# RECORDED DATA
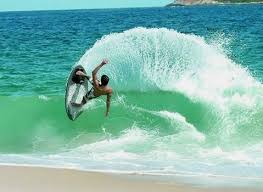 Skimboarding Surfing Outdoor Surfing Pictures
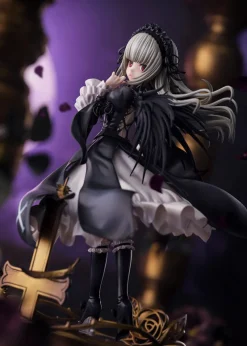 Flare Rozen Maiden - Suigintou - 2023 Re-release Sale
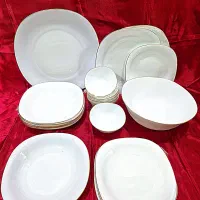 ارکوپال 26 تیکه لب طلا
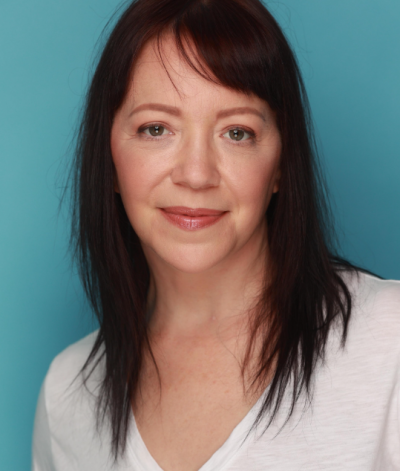 آماندا شونور آماندا شونور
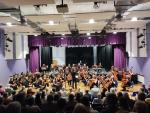 Magical Classics Concert 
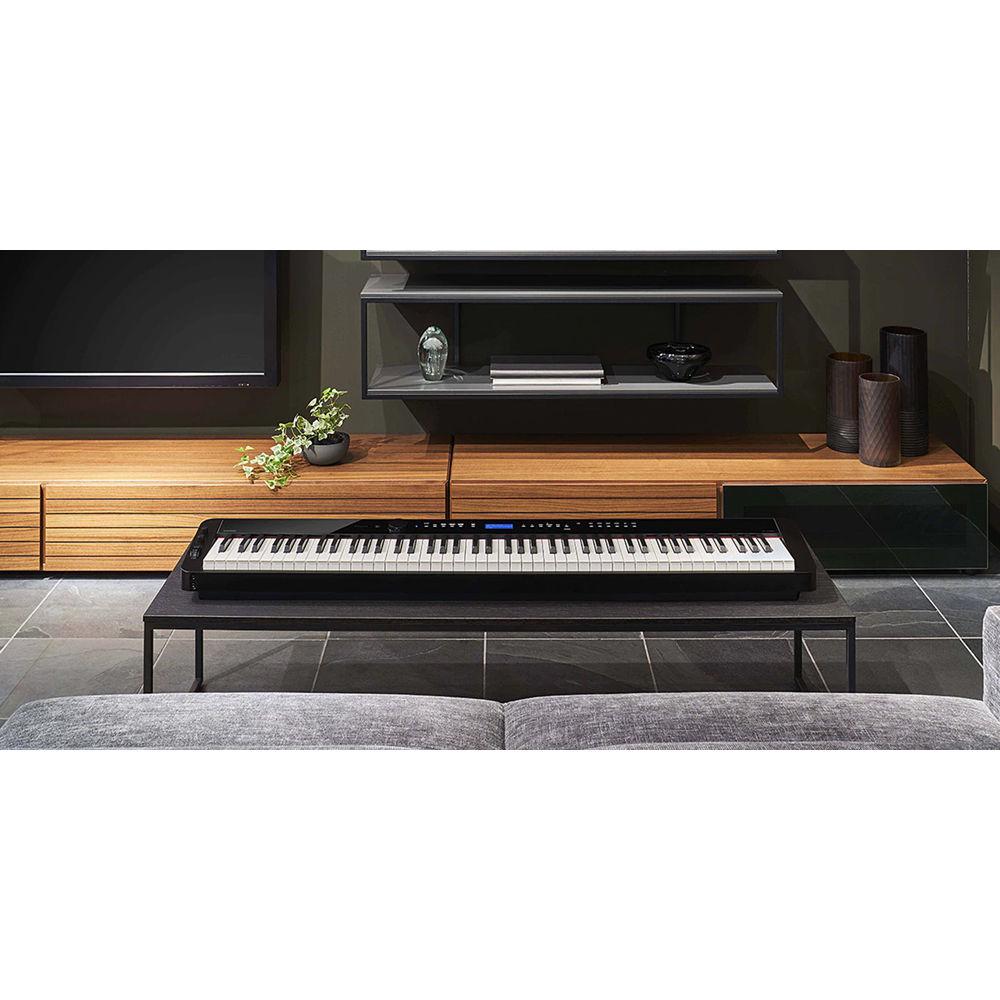 Casio Privia PX-S3000 Digital Piano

# TASK GOAL
Type the entries above out again exactly, with no pictures.

# SOLUTION
 Skimboarding Surfing Outdoor Surfing Pictures
 Flare Rozen Maiden - Suigintou - 2023 Re-release Sale
 ارکوپال 26 تیکه لب طلا
 آماندا شونور آماندا شونور
 Magical Classics Concert 
 Casio Privia PX-S3000 Digital Piano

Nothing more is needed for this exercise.